Salafisten: Wer den Koran verteilt, hat das Recht dazu

Auch Muslime dürfen in Deutschland für ihre Religion werben. Die Koran-Verteilung der Salafisten wird die freiheitlich-demokratische Grundordnung schon nicht zum Einsturz bringen.

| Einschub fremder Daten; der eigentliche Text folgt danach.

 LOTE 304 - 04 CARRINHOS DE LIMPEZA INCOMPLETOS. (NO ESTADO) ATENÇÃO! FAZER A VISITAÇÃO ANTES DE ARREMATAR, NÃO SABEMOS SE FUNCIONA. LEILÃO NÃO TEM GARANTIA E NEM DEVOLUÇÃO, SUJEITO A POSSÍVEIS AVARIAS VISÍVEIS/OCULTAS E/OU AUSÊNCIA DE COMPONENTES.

Vielleicht sollte man erst einmal froh darüber sein, dass die Hysterie nicht über das Maß hinausgeht, das die Mediengesellschaft nun einmal mit sich bringt. Zwar wird gegen die Koran-Stände, die an diesem Einkaufssamstag an fast 40 Orten in ganz Deutschland drohen, ordentlich verbal aufgerüstet. Aber der eine und die andere, auch in den Parteien, scheint erkannt zu haben, dass Heilige Schriften, nicht einmal die des Islams, schlecht geeignet sind, die freiheitlich-demokratische Grundordnung zum Einsturz zu bringen.

Natürlich kann es keinen Freibrief für Leute geben, die sogenannte Heilige Krieger ausbilden, Gewalt auch nur befürworten oder zu ihr aufstacheln. Dafür gibt es, zum Glück, Strafgesetze. Aber das scheint einigen Stimmen im Anti-Koran-Chor nicht zu genügen. Es komme ja nicht nur auf das bloße Verteilen des Buches an, sondern auch, wer dahintersteckt, heißt es sogar aus Kirchenkreisen.

Ein Salafist verteilt ein kostenloses Koranexemplar in der Fußgängerzone von Offenbach am Main.
Ein Salafist verteilt ein kostenloses Koranexemplar in der Fußgängerzone von Offenbach am Main.

© dapd

Schon falsch. Das Recht auf freie Meinungsäußerung und das Recht, seine Religion zu leben, hat in einem liberalen Rechtsstaat jede und jeder, mögen sie anderen Mitmenschen, politisch, religiös, vielleicht auch ästhetisch noch so unangenehm sein. Der Missionseifer der Zeugen Jehovas mag lästig sein, viel schlimmer wäre es, in einem Staat zu leben, der das Klingeln an fremden Haustüren verbietet.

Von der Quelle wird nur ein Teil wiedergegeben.